Exercise
Nothing but the lines below from the one holding "With Pillowcases Personalized" up to and including the one holding "CASEME iPhone Air" should be copied, exactly and without pictures.
Exercise input START
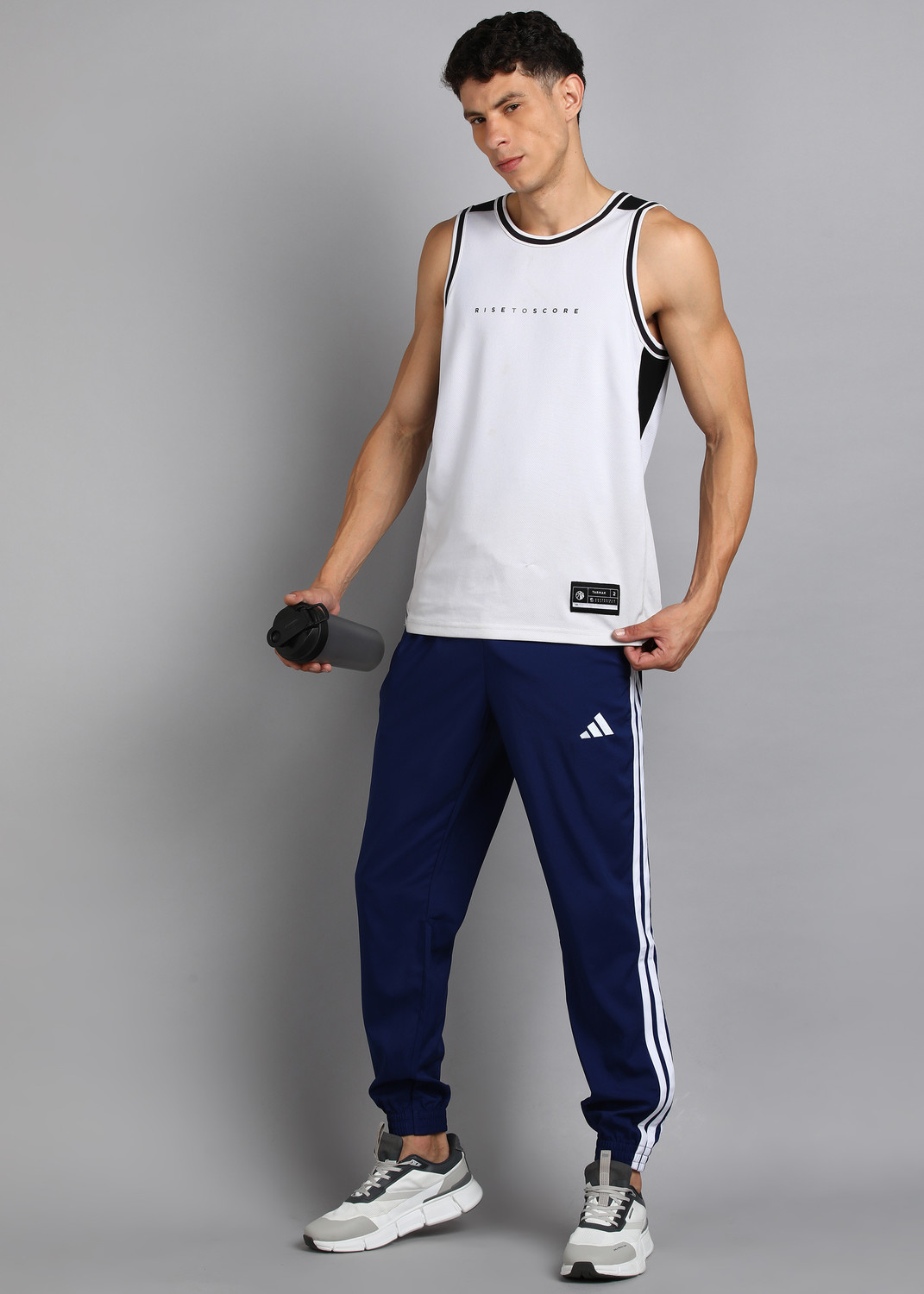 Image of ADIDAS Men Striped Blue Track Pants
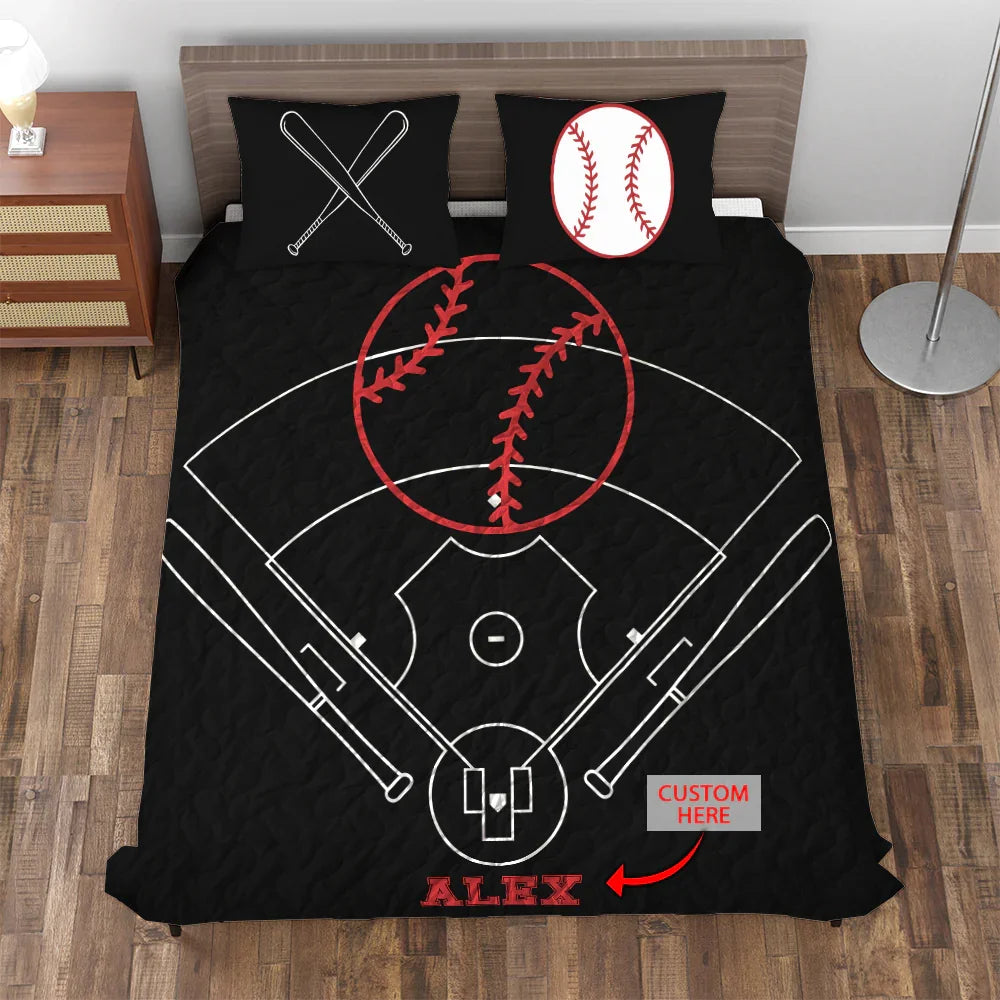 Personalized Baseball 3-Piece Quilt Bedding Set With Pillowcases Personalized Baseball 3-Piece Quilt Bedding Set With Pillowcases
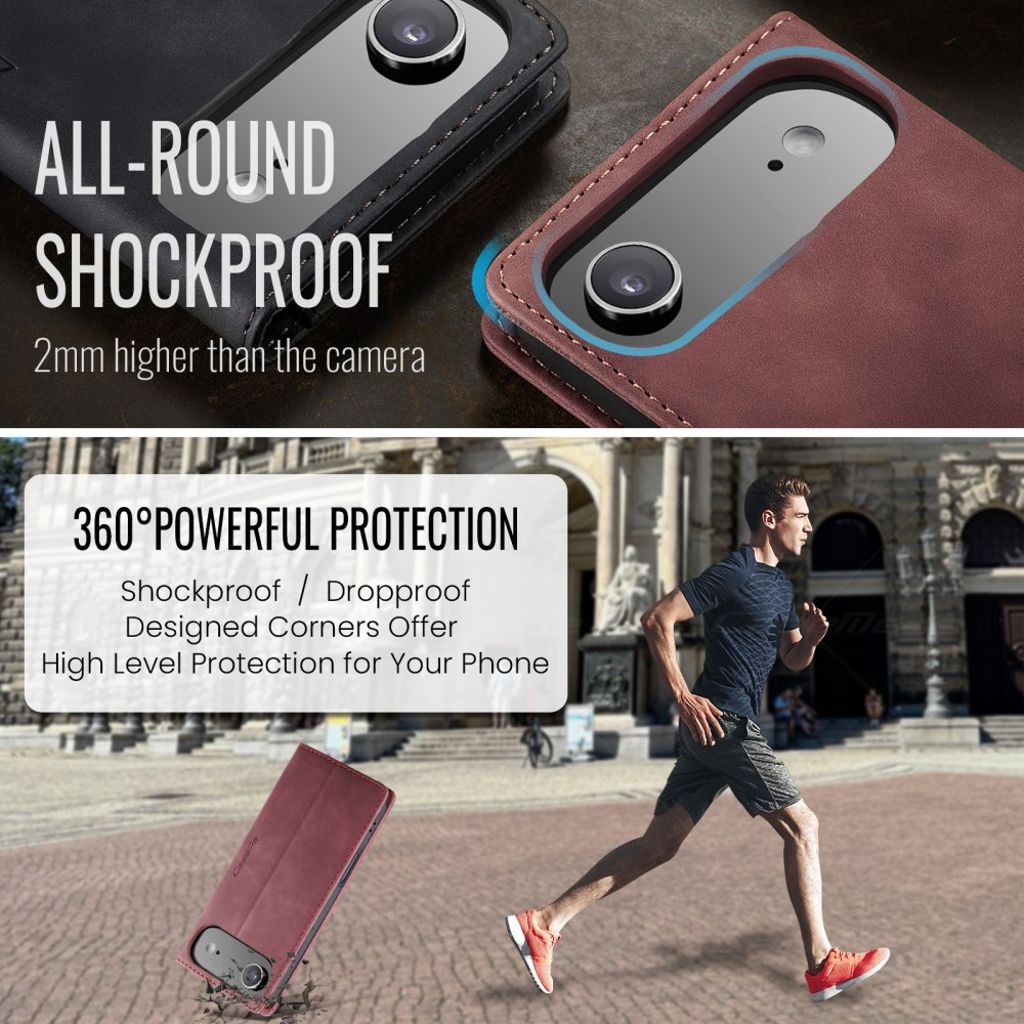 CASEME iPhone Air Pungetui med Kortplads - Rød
Exercise input END
Exercise input START
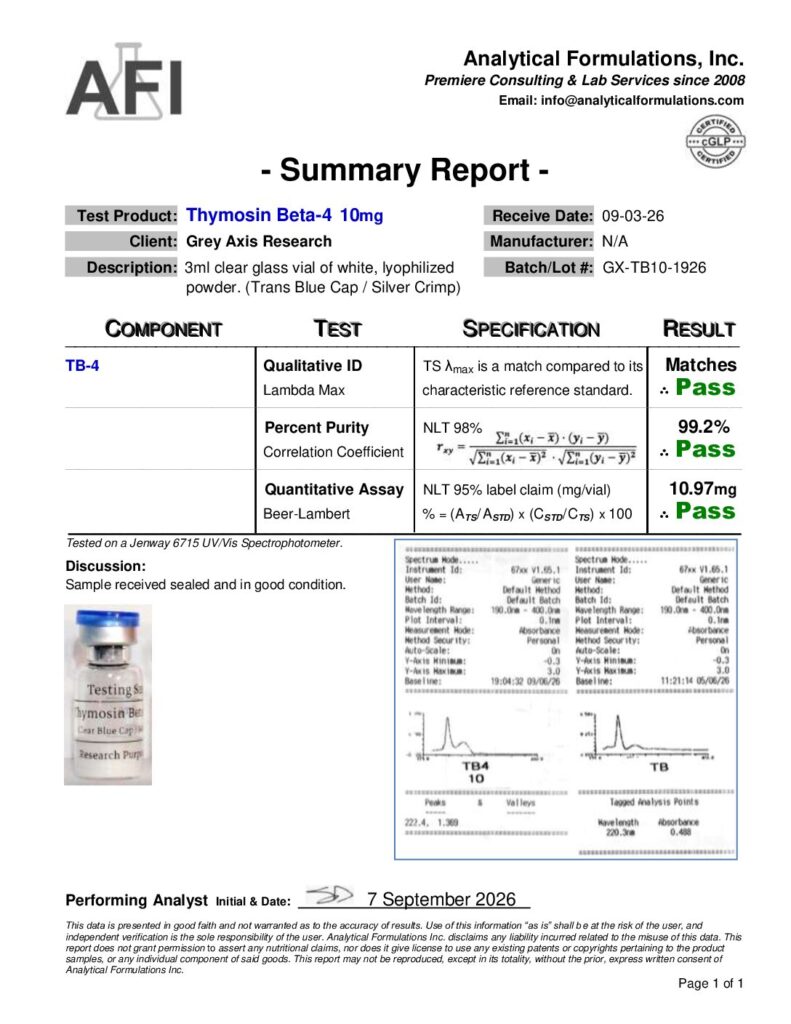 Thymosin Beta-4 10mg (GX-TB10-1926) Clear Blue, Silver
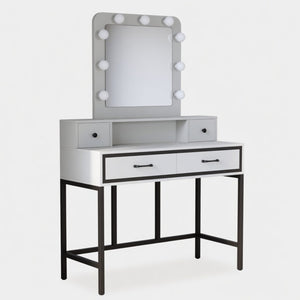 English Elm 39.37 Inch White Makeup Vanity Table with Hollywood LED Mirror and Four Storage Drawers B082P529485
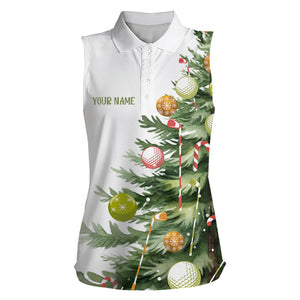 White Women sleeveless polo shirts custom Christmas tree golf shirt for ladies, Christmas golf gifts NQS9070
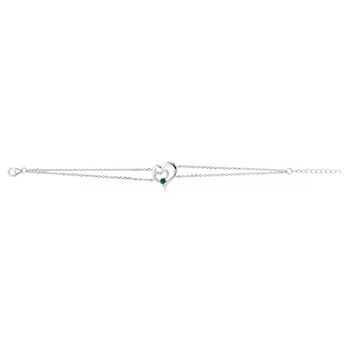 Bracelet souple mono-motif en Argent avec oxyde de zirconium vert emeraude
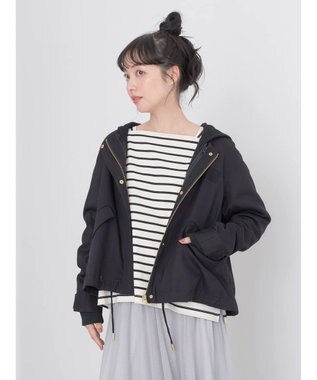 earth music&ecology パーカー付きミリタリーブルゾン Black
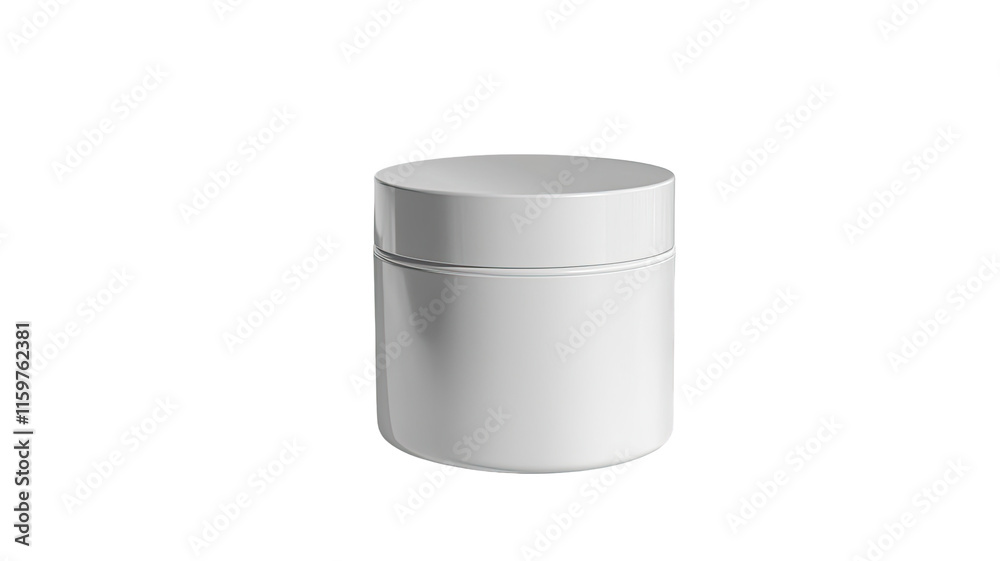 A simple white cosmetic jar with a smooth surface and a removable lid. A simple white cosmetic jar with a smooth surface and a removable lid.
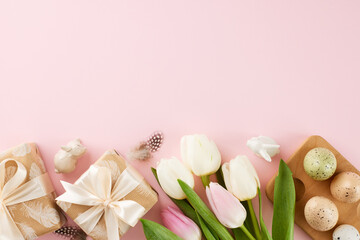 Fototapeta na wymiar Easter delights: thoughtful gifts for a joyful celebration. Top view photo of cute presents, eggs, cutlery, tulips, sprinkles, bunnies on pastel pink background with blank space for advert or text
Exercise input END
Exercise input START
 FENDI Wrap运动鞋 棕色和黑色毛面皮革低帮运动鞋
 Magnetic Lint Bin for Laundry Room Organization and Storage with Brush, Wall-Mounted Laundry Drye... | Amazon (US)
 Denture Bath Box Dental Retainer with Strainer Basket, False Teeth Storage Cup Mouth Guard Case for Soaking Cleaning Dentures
Exercise input END
Answer area
 Personalized Baseball 3-Piece Quilt Bedding Set With Pillowcases Personalized Baseball 3-Piece Quilt Bedding Set With Pillowcases
 CASEME iPhone Air Pungetui med Kortplads - Rød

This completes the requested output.